Guide to run the models

Holt-Winters

The files regarding the Holt-Winters method are

The implementations of the Holt-Winters functions are found in ExponentialSmoothing.py. For this file it is enough to run it. The main method will run through the dataset using, the offline method, evaluating it and plotting it. Then it will run the online method, evaluate it and plot it twice, firstly with the whole dataset, and the second time only with the test set.
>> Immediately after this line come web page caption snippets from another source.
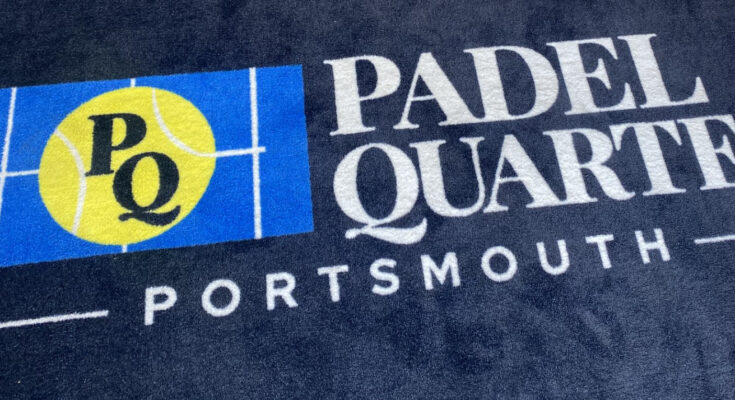 A welcome mat which says 'Padel Quarter'.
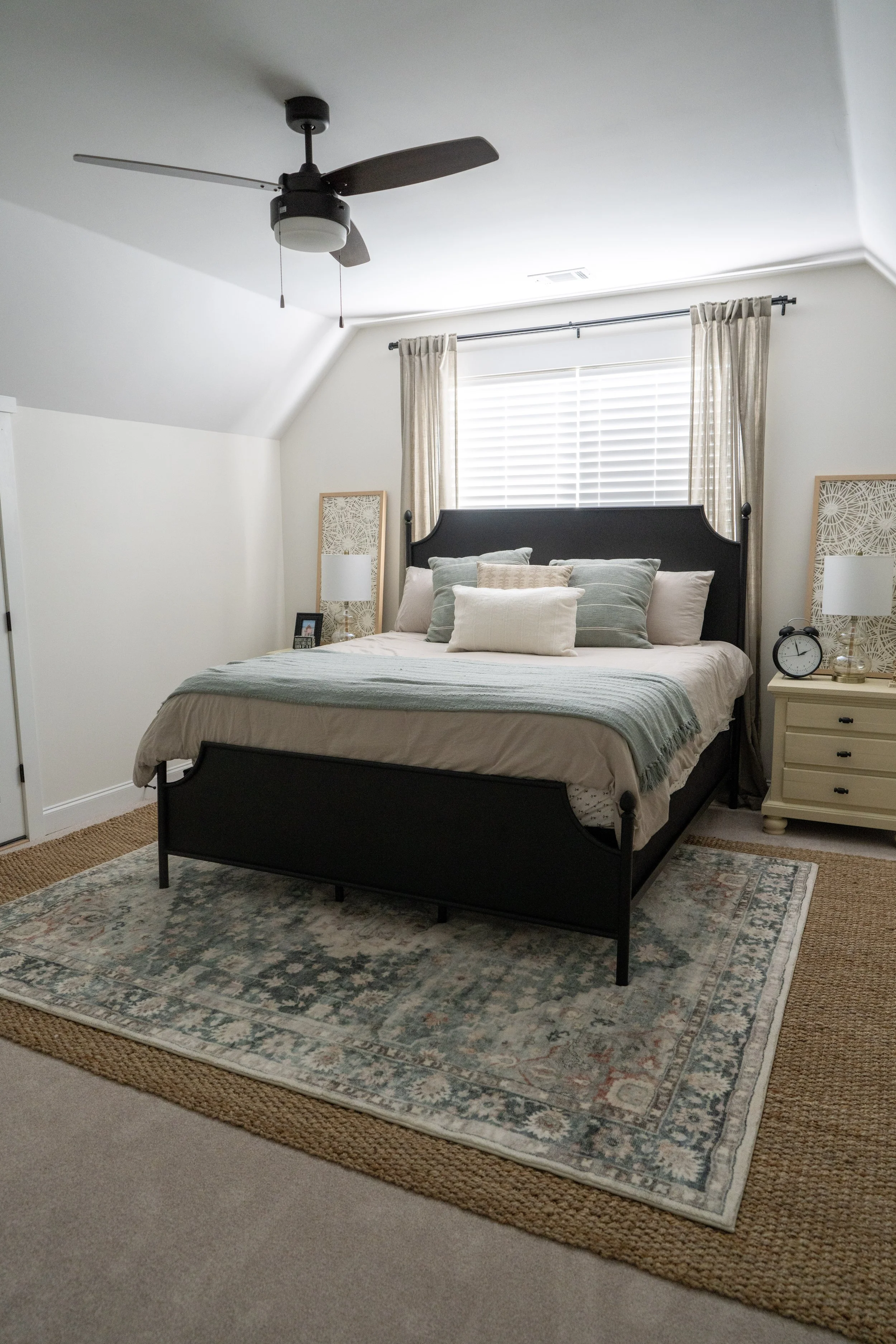 A bedroom with a black bed frame, light-colored bedding, and an area rug. There are beige drapes over a window, with a ceiling fan overhead. A nightstand with a clock and lamp is beside the bed.
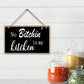 Decorative sign with text 'No Bitchin' in my kitchen' hanging on a white wooden wall with jars of spices below.
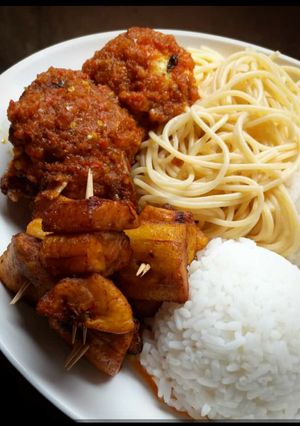 A picture of Rice,spagetti fried plantain with beef.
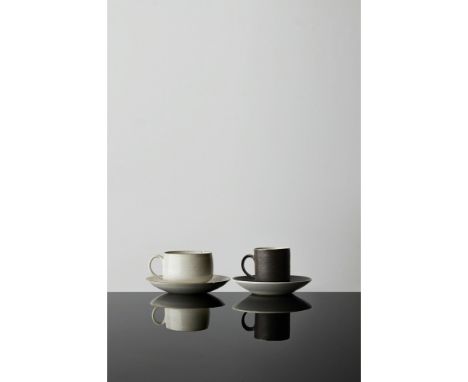 [§] LUCIE RIE D.B.E. (BRITISH, 1902-1995)TWO TEA CUPS AND SAUCERS each impressed artist's seal, one in white glaze with manga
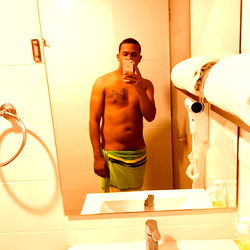 A Shirtless Man in a Bathroom Mirror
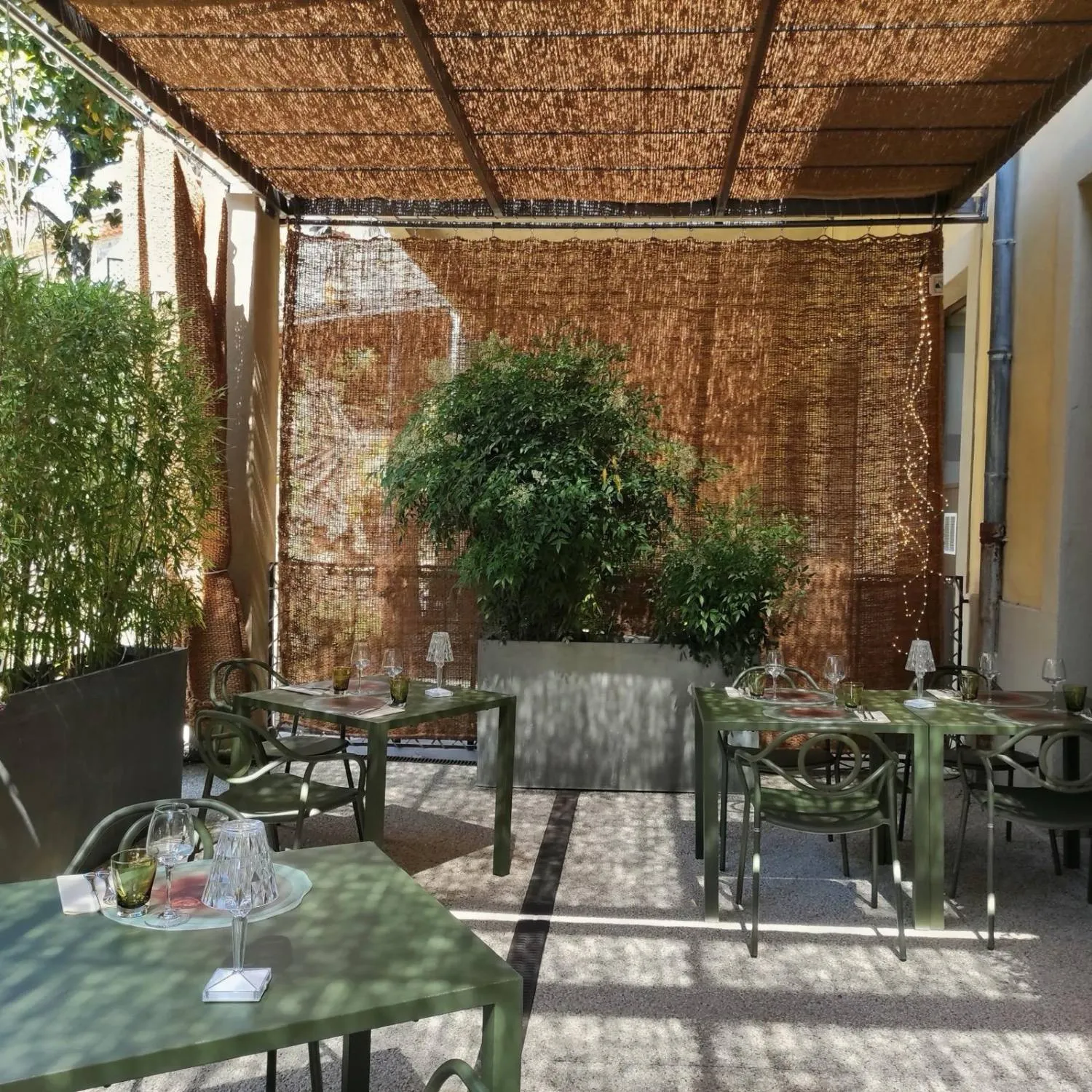 Terrasse ombragée sous une pergola en fibres naturelles, tables vert olive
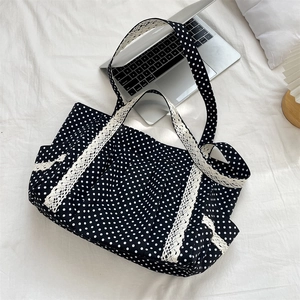 Detailed view of polka dot canvas tote bag with elegant white lace trim on the side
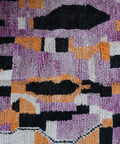 Detail: verschachtelte Blöcke in Lila, Orange, Schwarz und Cremeweiß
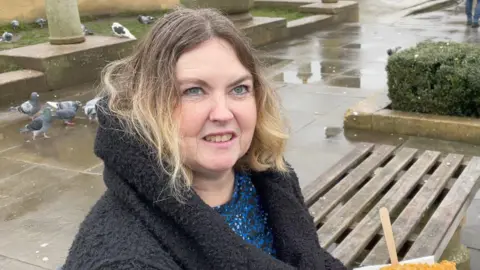 Robby West/BBC Sharon Williams is sitting on a bench on the left. She has shoulder length blonde hair and is wearing a black coat and blue and black top. Behind her are pigeons eating off a walkway. 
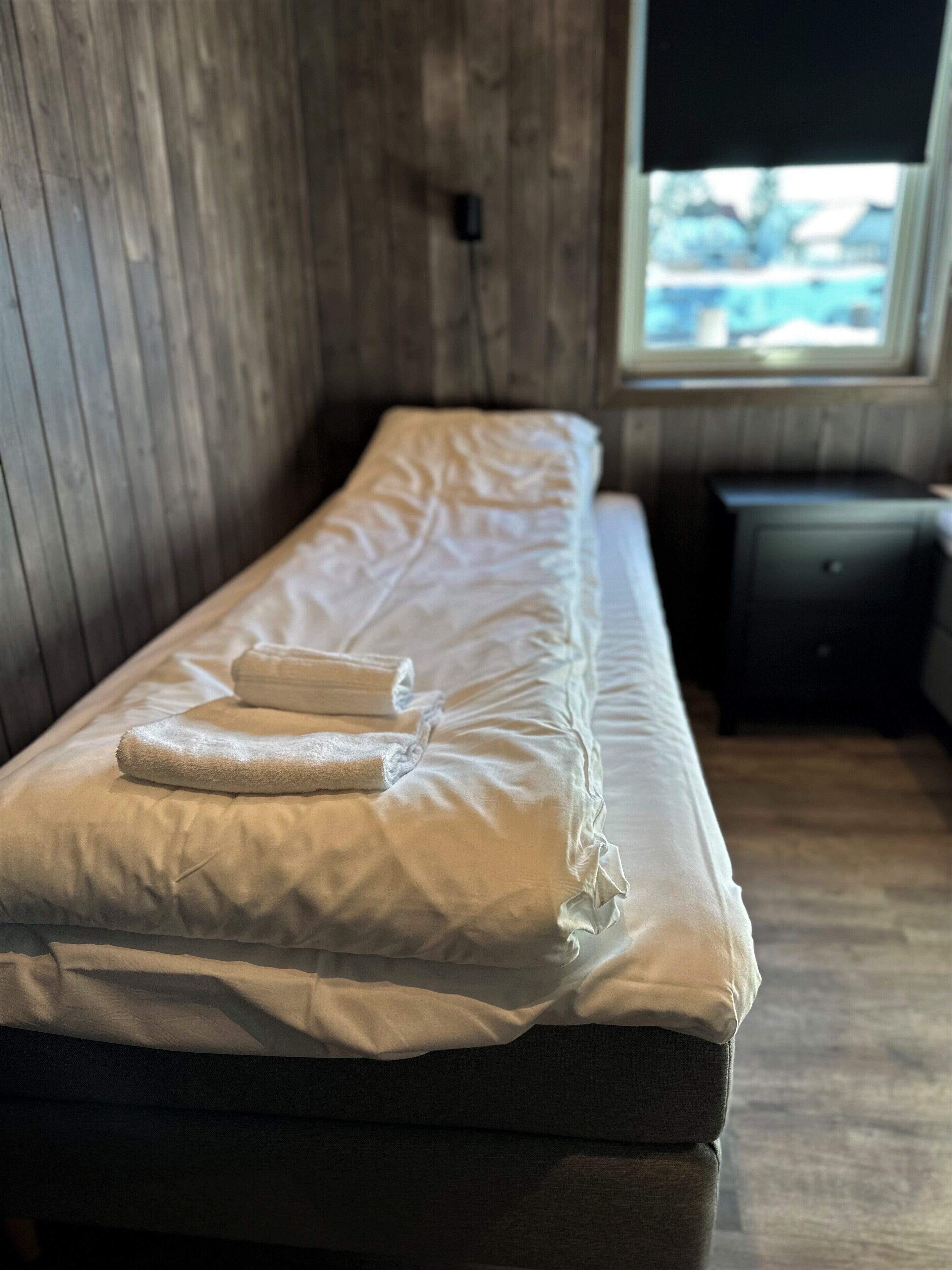 A single bed with white linens and two folded towels, a wooden wall, a small bedside table, and a window with a view.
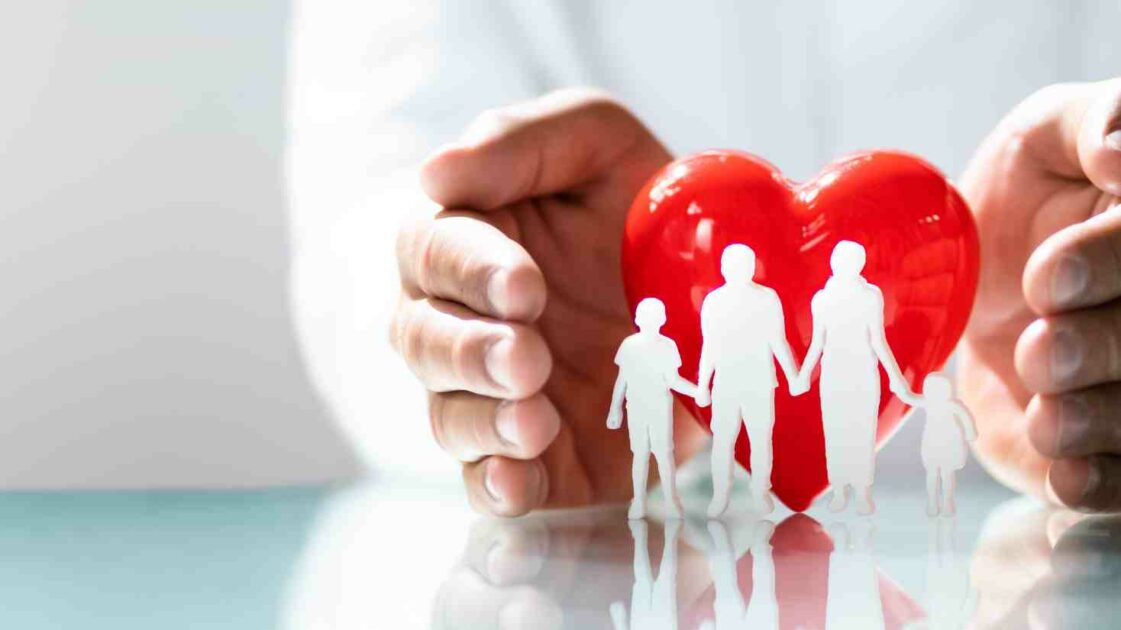 Doctor holding a family of hearts to signify health insurance, Explained: What is Health Insurance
The model parameters that are set as default in the holt-winters methods are found running the optimalization method in ExponentialSmoothingOptimization.py. This file can also be run as it is, however might take some time to complete. The output from running the file will be the found optimal values for α, β and γ.

Linear Regression

Everything related to the linear regression model is found in Linear.py.

To run the model on the test set with online learning: python Source/Linear.py

Parameters are found by doing a grid search with cross validation, before the model is trained on the entire training set and then is run on the test set. It takes about 1 hour to run.

LSTM

There are 2 options to run the LSTM model

  1. The notebook is available in Kaggle: https://www.kaggle.com/potetsos/lstmgridloss

This notebook is already computed, and the output values and results are therefore available in the notebook.
The notebook can also be run in Kaggle to reproduce the results.

  1. Download and run LSTMgridloss.ipynb
    In order to run the notebook locally, the input locations of the .csv files need to be changed to point at the local .csv files.